Summary
In Gerry's Foods of Oceanside v. Blue Ridge Farms, 292 A.D.2d 417, 738 N.Y.S.2d 891 [2d Dept. 2002], the Second Department reversed the Supreme Court's order which held that the doctrine of part performance was inapplicable to the parties' alleged oral agreement.
Summary of this case from MSL Prods., Inc. v. IMR Grp. LLCOpinion
01-04644
February 15, 2002
March 11, 2002.
In an action, inter alia, to recover damages for breach of an oral contract, the plaintiffs appeal, as limited by their brief, from so much of an order of the Supreme Court, Kings County (Vaughan, J.), dated March 27, 2001, as granted that branch of the defendants' motion which was for summary judgment dismissing the first cause of action.
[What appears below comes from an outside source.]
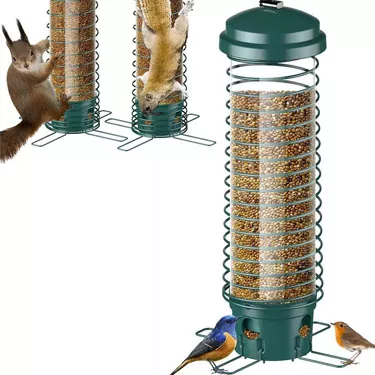 What are the steps to install the anti-squirrel feeder?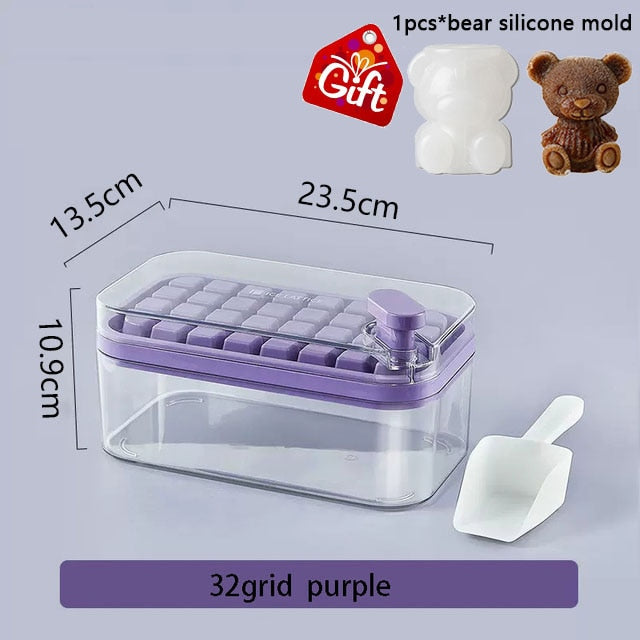One-button Press Type Ice Mold Box Plastics Ice Cube Maker Ice Tray Mold With Storage Box With Lid Bar Kitchen Accessories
Ira Daniel Tokayer, New York, N.Y., for appellants.
Glenn Backer, New York, N.Y., for respondents.
GABRIEL M. KRAUSMAN, J.P., LEO F. McGINITY, HOWARD MILLER, and THOMAS A. ADAMS, JJ.
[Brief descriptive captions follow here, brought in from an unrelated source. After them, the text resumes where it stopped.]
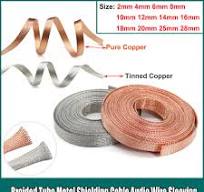 Pure Copper/Tinned Copper Braided Tube Metal Shielding Cable Audio Wire Sleeving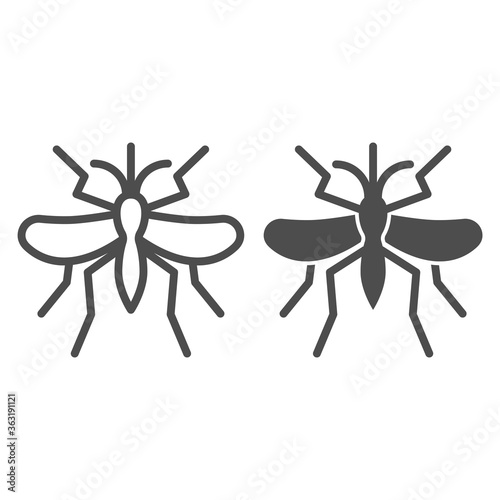 Mosquito line and solid icon, Insects concept, gnat and pest sign on white background, Mosquito insect icon in outline style for mobile concept and web design. Vector graphics.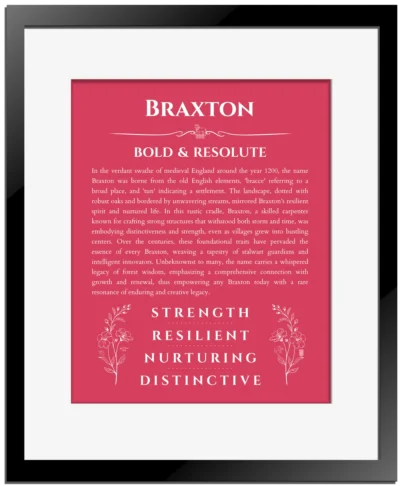 Braxton custom name print for wall display in red with black matte frame
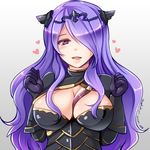  armor between_breasts black_armor breasts camilla_(fire_emblem_if) circlet cleavage clenched_hands fire_emblem fire_emblem_if gradient gradient_background hair_over_one_eye heart kiritsuki_yuu_koromo large_breasts long_hair looking_at_viewer purple_eyes purple_hair smile solo strap tiara upper_body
ORDERED that the order is reversed insofar as appealed from, with costs, and that branch of the defendants' motion which was for summary judgment dismissing the first cause of action is denied.
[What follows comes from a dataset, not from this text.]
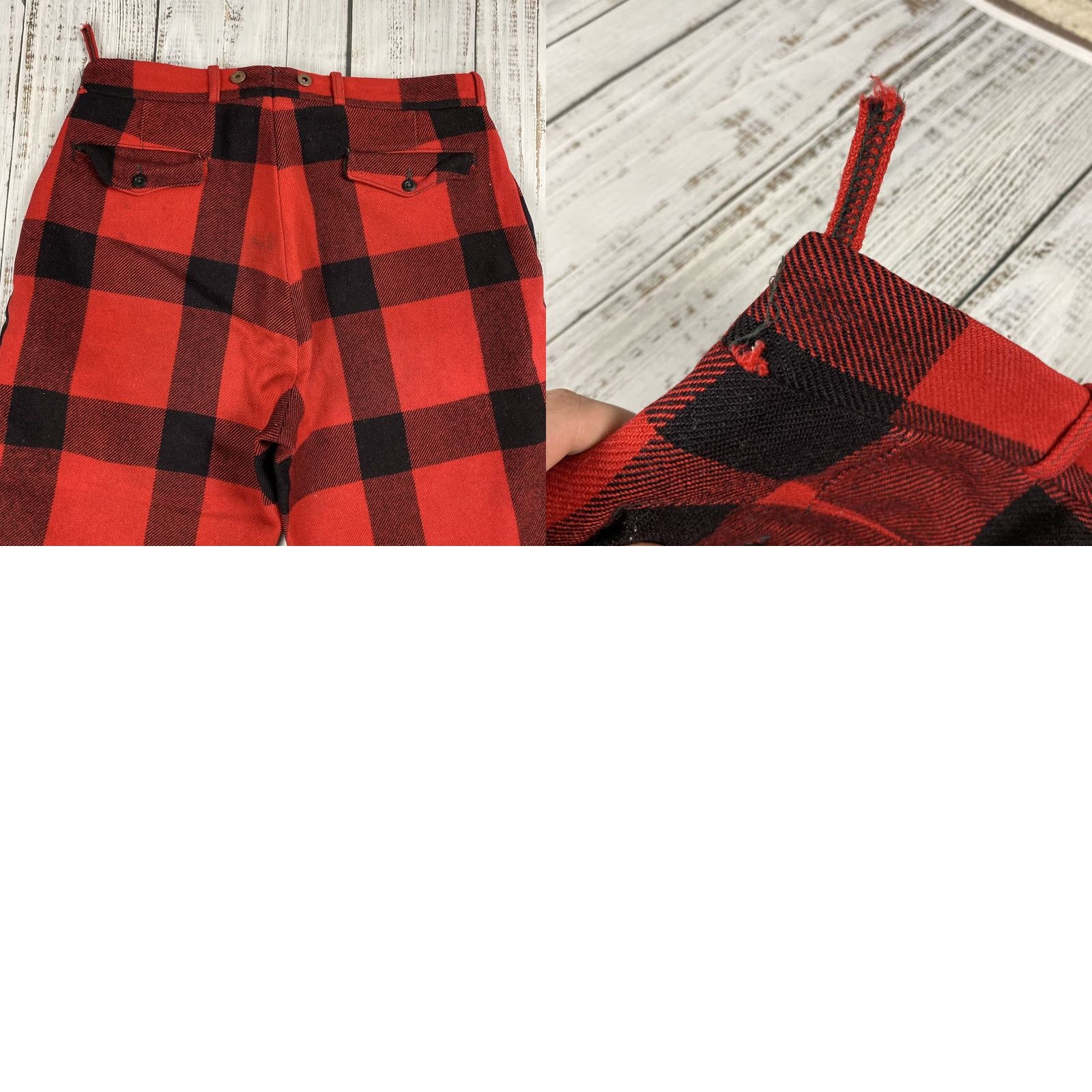 Vintage VINTAGE 70s WOOLRICH Buffalo Plaid Wool Ski Pants Red Black Size 36x31 Mens Size US 36 / EU 52 - 8 Thumbnail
The Supreme Court erred in concluding, as a matter of law, that the doctrine of partial performance was inapplicable to the parties' alleged oral agreement, which was reduced to writing but not signed. There are issues of fact as to whether the parties' actions, including the transfer of assets and payment of royalties, constituted partial performance unequivocally referable to the unexecuted sales agreement, thereby removing the agreement from the Statute of Frauds (see, CPLR 3212[b]; Planet Waste Mgt. v. Computer Assocs. Intl., 269 A.D.2d 376; Whitehorn Assocs. v. One Ten Brokerage, 264 A.D.2d 516; Chaudhry v. Abadir, 261 A.D.2d 498; Sarcona v. DeGiaimo, 226 A.D.2d 1143; Spodek v. Riskin, 150 A.D.2d 358).